Newsweek and Daily Beast editor Tina Brown’s “Women in the World” summit was a star-studded affair (Angelina Jolie, Meryl Streep, and Oprah, and A-List  journalists such as Barbara Walters, Christiane Amanpour, and Andrea Mitchell) and much larger than last year.

But the world seems to have shrunken for these self-absorbed women. Christina Hoff Sommers, who was positively impressed by last year’s summit, reports:

The 2012 summit, by contrast, was intensely partisan: A recurring theme was the alleged war against women waged by Republicans. More generally, the gathering was suffused with the grievances and anti-male vitriol of successful, wealthy American women.
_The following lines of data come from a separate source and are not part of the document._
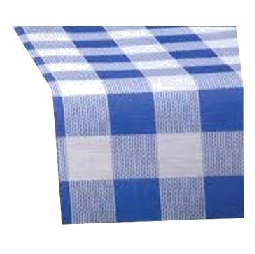Mantel 100x100 40 Cuadro Azul BERSAN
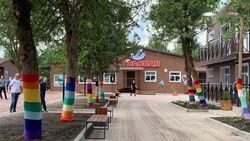 Завершается строительство новых корпусов детского лагеря в Невинномысске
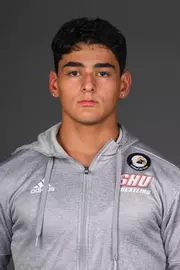 Antonio Jimenez. The SHU Men's Volleyball, Women and Men's Wrestling, and Dance teams held their Media Days today at the William Pitt Center, Sacred Heart Universary, Fairfield CT. Sunday, September 28, 2025. Photo by: Mark F. Conrad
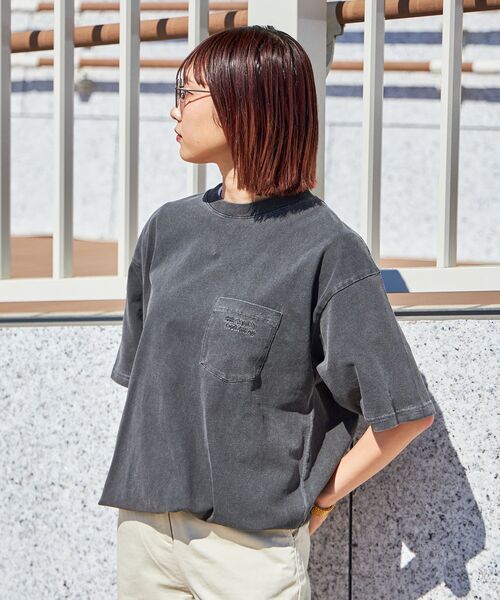 「FFEIN」 7分袖Tシャツ LARGE ホワイト メンズ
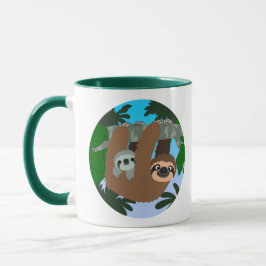 Taza Madre Personalizado Y Bebé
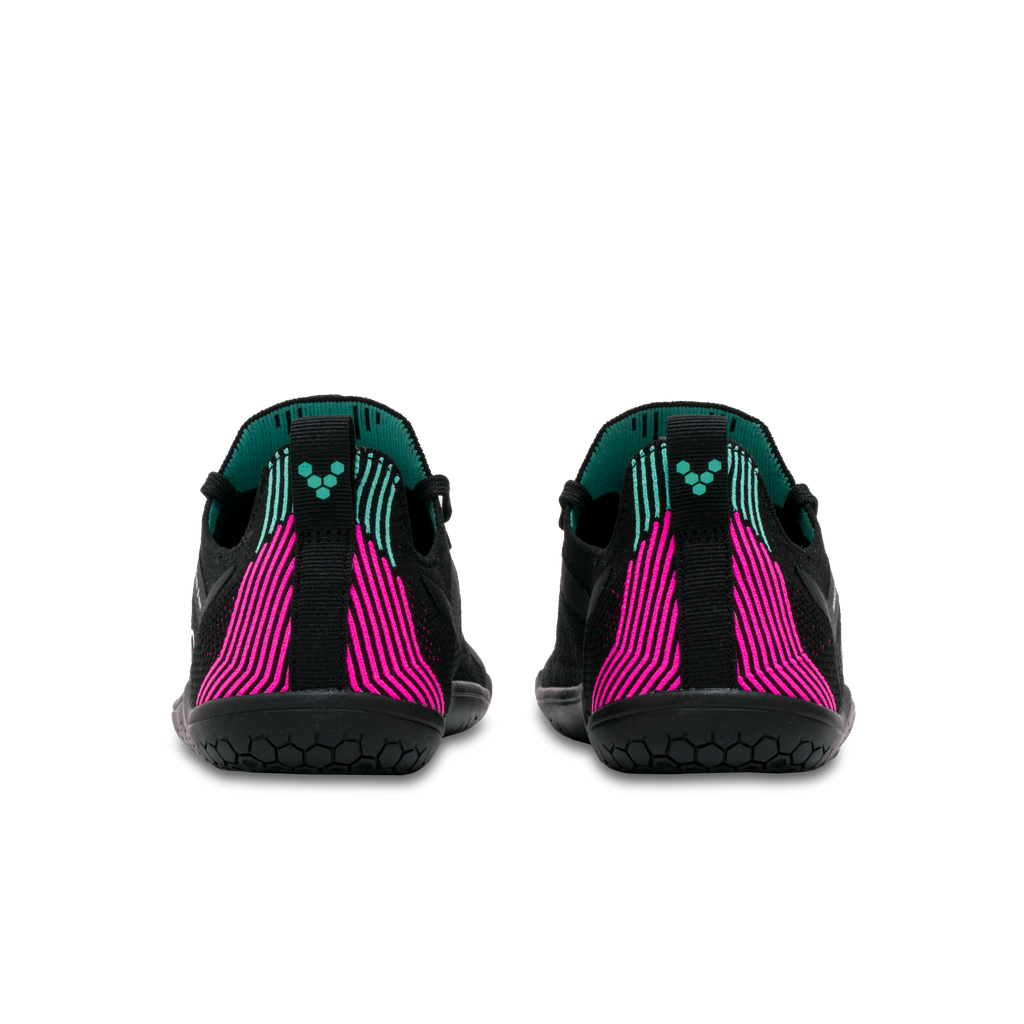 Vivo Primus Lite Knit Womens Obsidian/Vibrant Pink - Sole Therapy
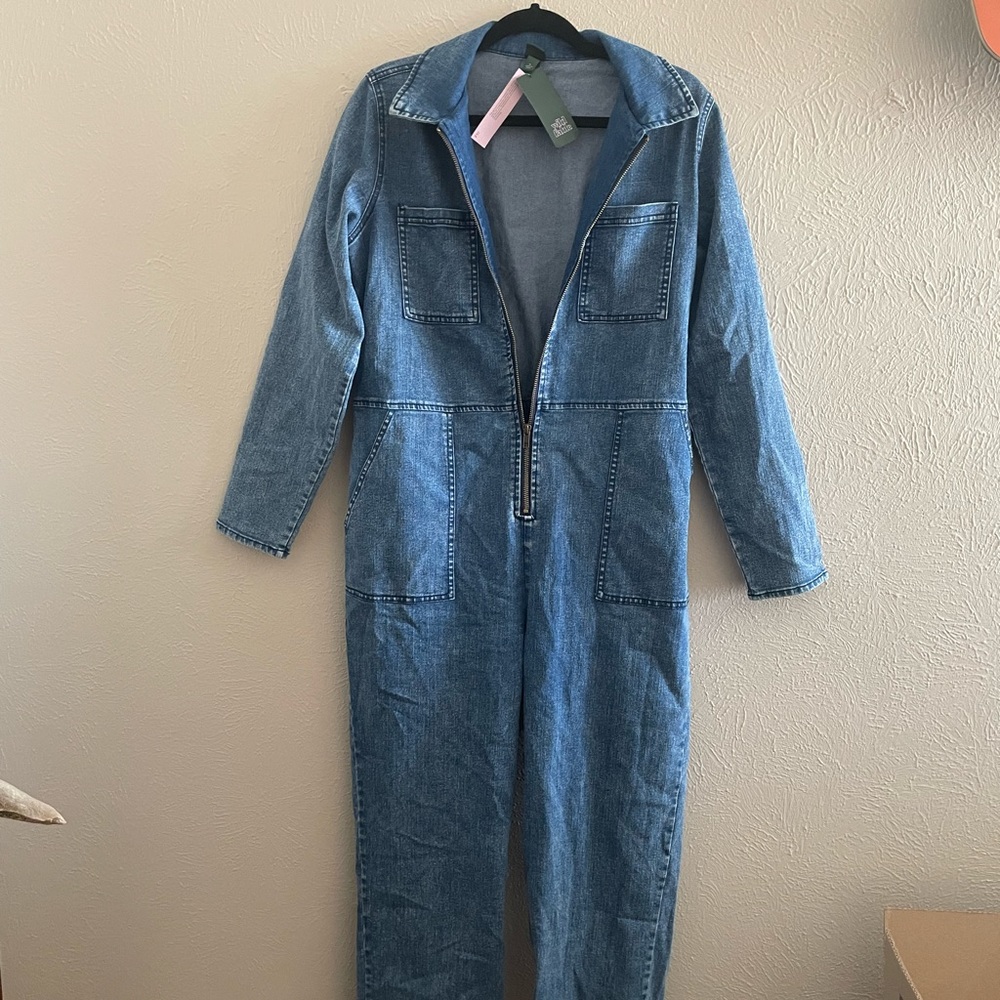 Brand new Wild fable long sleeve jean jump suit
It was as if the women’s-rights activists from Liberia, Egypt, and Burma were there to offer succor and guidance to American women in our time of need. Tina Brown said as much in the Daily Beast: “It is ironic that American women now need to be fortified by the inspiration of the women of the Arab Spring, who risked so much to win basic human rights.” What is ironic, and sad, is that Brown has lost track of the purpose and meaning of the summit, her own brilliant creation….

[W]hen House Democratic leader Nancy Pelosi spoke, she had nothing to say about the plight of women in the developing world except that their example could inspire American women in our struggle against oppression. “This is our moment,” said an impassioned Pelosi. The “moment” in question was created by congressional Republicans who are opposed to the federal government’s requiring religious organizations to fund birth control, and by Rush Limbaugh’s vulgar tirade against Sandra Fluke, the Georgetown University reproductive-rights activist.

Pelosi urged her American sisters to “have the courage of the suffragists and all that they did . . . and of the women who took part in the Arab Spring.” Expect the worst, she warned. “Whatever the arena is, it is stacked against us.” Her interviewer, journalist Pat Mitchell, concurred and described the current environment in the United States as a “nightmare.”

High point: Secretary of State Hillary Clinton’s comparison of Sandra Fluke to Burmese dissidents. I think that just about says it all, so I’ll stop here. But read all of Christina’s piece. It tells you all you need to know about the small, small world of Ms. Brown and her associates.